The first part of this experiment was to dissolve the aluminum foil in 1.5 M of potassium hydroxide by placing both in a beaker and placing it on a hot plate heated to a temperature of 250° C. Once the solution started to bubble vigorously, it was removed from the hot plate and continually stirred to dissolve all of the aluminum foil. The solution turned a grey/black color. During this process, hydrogen gas is released.

Once the aluminum was fully dissolved, the solution was filtered through a Buchner funnel lined with filter paper, which removed the undissolved plastic lining and paint that was present from the aluminum foil. The solution that was drained was then transferred into a beaker and 20 mL of 9 M sulfuric acid was added to it. This solution was then placed in an ice bath for about 15 minutes, to allow the solution to produce white crystals, which are the alum.

While the crystals were forming, the filter paper from the draining was rinsed through the Buchner funnel using water, to collect the paint and undissolved plastic in a pile to weigh using an analytical balance. The mass was then recorded and used to calculate the percent yield of alum.

Once the crystals were formed, the solution was drained again into the Buchner funnel, except with a different piece of filter paper. Ethanol was used to dry up the crystals and remove all the water. Once the crystals were drained, they were weighed along with the filter paper and the mass was recorded.

Observations and Discussions:

The amount of aluminum foil used to perform this experiment was 1.9648, and this mass was used to calculate the theoretical yield using the equation: (grams of product)=(grams of reactant)x(1 mole of reactant/molar mass of reactant)x(mole ratio of product/reactant)x(molar mass of product/1 mole). The theoretical yield turned out to be 34.547, because the mole to mole ratio of reactant to product was one to one, and the molar mass of the product was 474.39 g. The percent yield was calculated using the equation (mass of actual yield/mass of theoretical yield)x100. The mass of actual yield was the weight of the product, and the mass of theoretical yield was the number calculated using the first equation.

The percent yield found was about what was expected, for there was some error due to water and ethanol not being fully removed, because the crystals were not given enough time for water and ethanol to evaporate. There was also some missing due to the fact that alum is very soluble in water, and the addition of water caused some of the alum to dissolve. The alum could be recovered by repeating the crystallization process again, using the solution that was drained from the crystals in the last part of the experiment.

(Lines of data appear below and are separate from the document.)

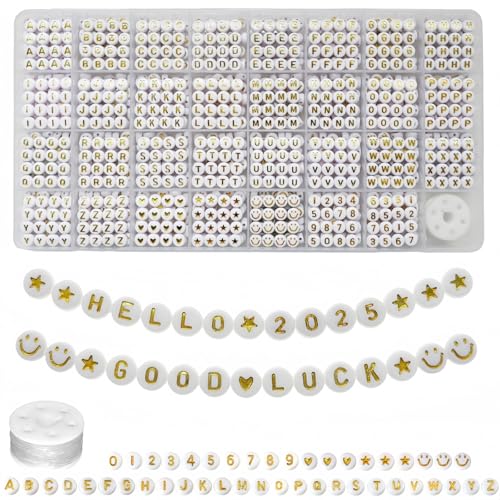 Lnvision 1350 Perlas Redondas de Acrílico con Letras del Alfabeto Doradas, 7 x 4 mm, Espaciadoras para Joyas, Manualidades de la A a la Z y Corazón de Amor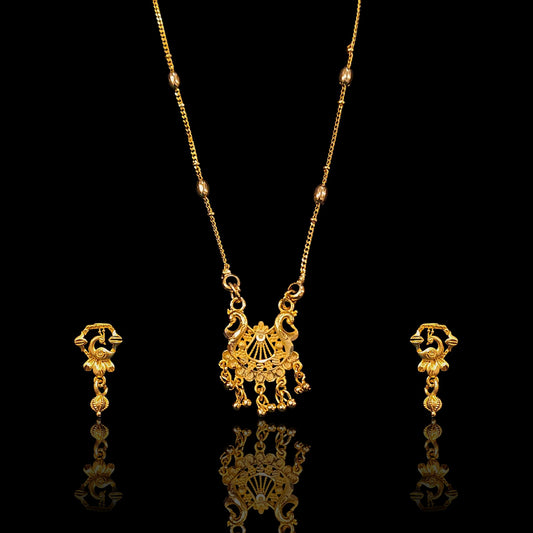 Dual Peacock Small Pendent Chain Set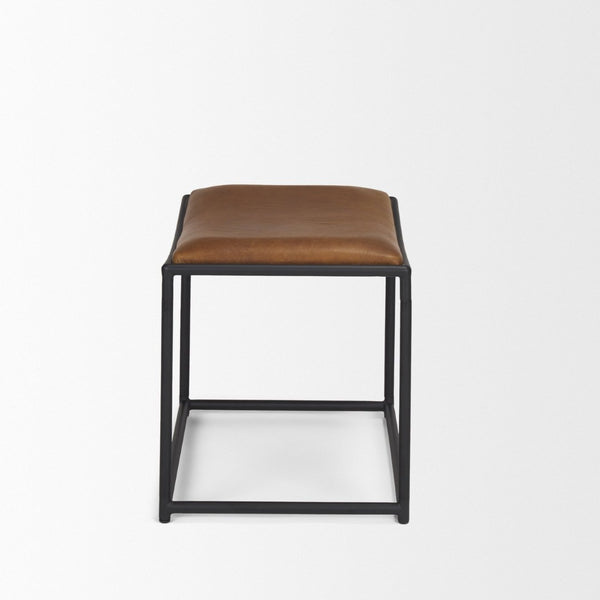 Mercana Taniel Leather and Metal Stool - Timeless Craftsmanship for Modern Spaces, Ergonomic Comfort Design Brown Leather | Black Metal 70819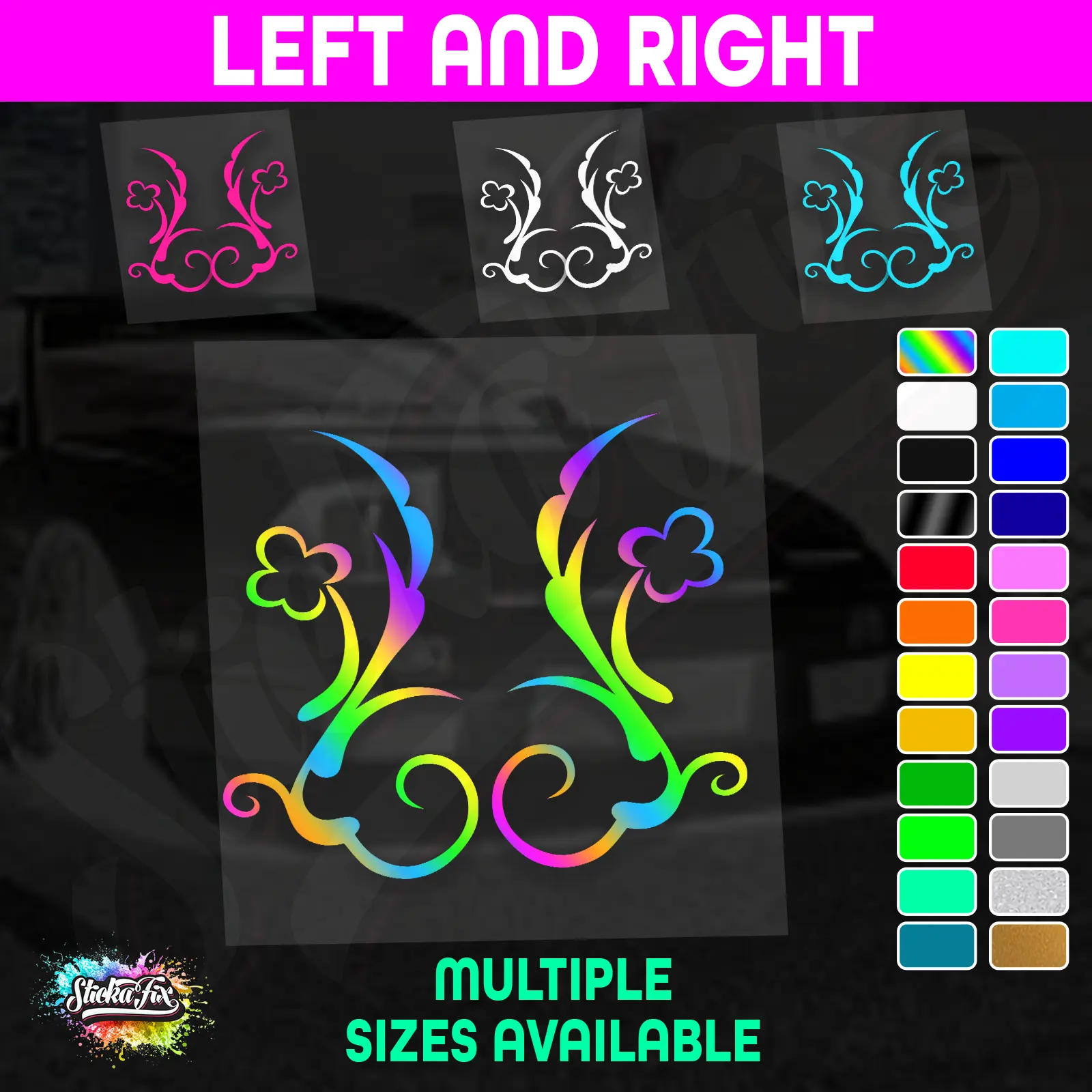Car Horse Float Boat Truck Caravan Van Decorative Swirl Pinstripe Vinyl Sticker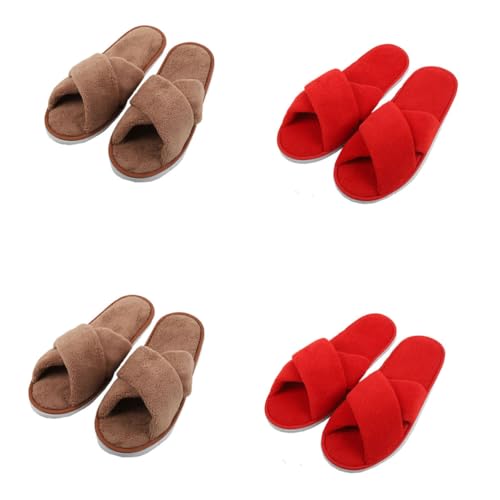 Teceyfeet Gästehausschuhe 4er Set, Unisex Gästepantoffeln Korallensamt Hochwertig Hotelslipper Winter Bequeme Kreuz Band Slides Slipper für Gäste von Teceyfeet
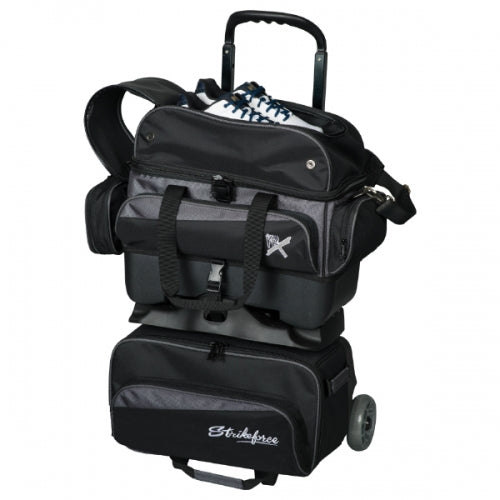 KR Strikeforce Konvoy Black Carbon 4 Ball Bowling Roller Bag - Durable & Lightweight for Tournaments & League Play
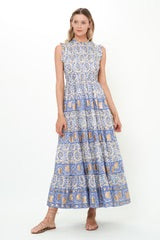 Sleeveless Smocked Maxi Marselle Blue Dress by Oliphant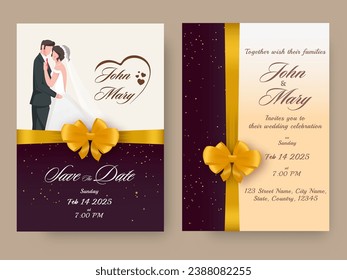 Modern Wedding Invitation Card Closed With Yellow Bow Ribbon And Couple Character.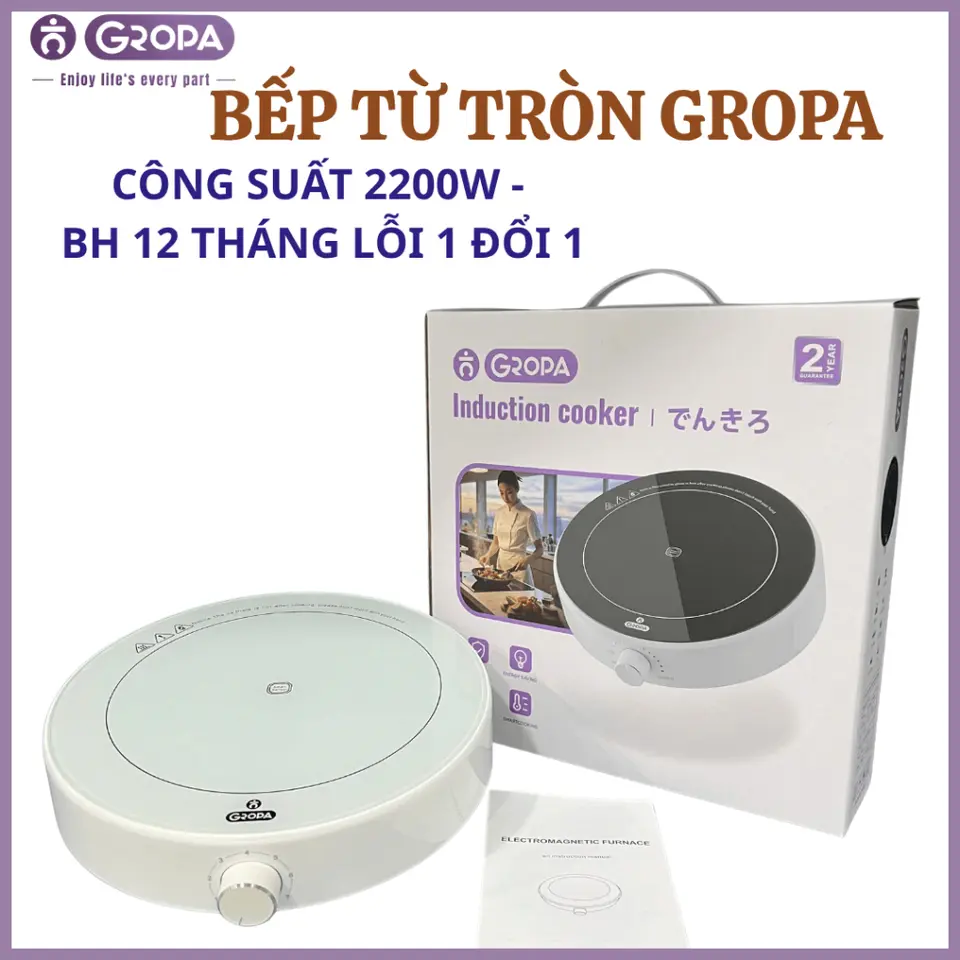 Bếp Từ Tròn Công Suất 2200W Bảo Hành 12 Tháng Lỗi 1 Đổi 1
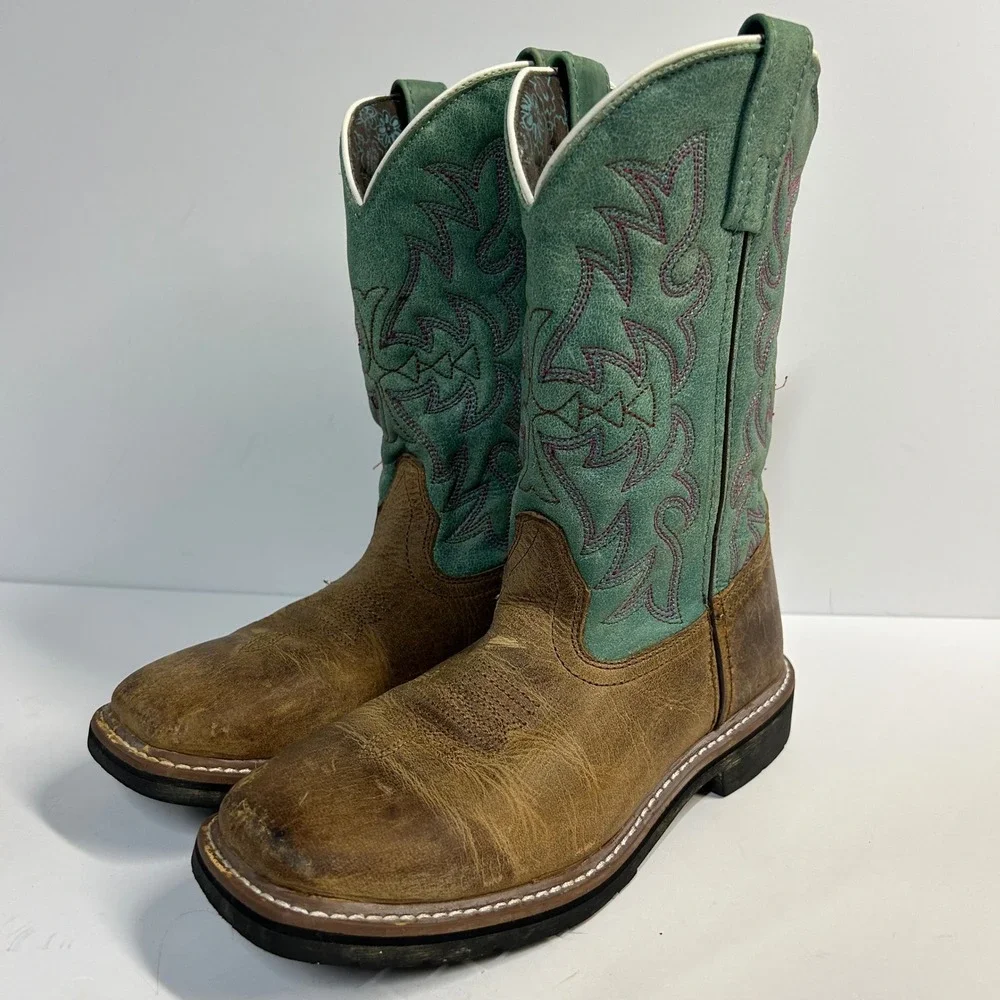Dan Post Cowboy Boots Brown Teal Youth Size 4 D Square Toe Western DPC3937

The reason the percent yield was under 100% could be due to the fact that some of the reactant did not react, instead it just stayed in its original form. Also, some of the product may have been lost when transferred from one container to another.

Conclusion:

The experiment performed, Preparation of Alum from Aluminum Metal, was used to separate and extract alum from the paint and plastic materials present in aluminum foil. The experiment used potassium hydroxide and sulfuric acid to extract the alum, and in turn, was part of the formation of the alum. The experiment was overall successful, and it is also a successful way to reduce waste and recycle aluminum of all kinds to produce new materials.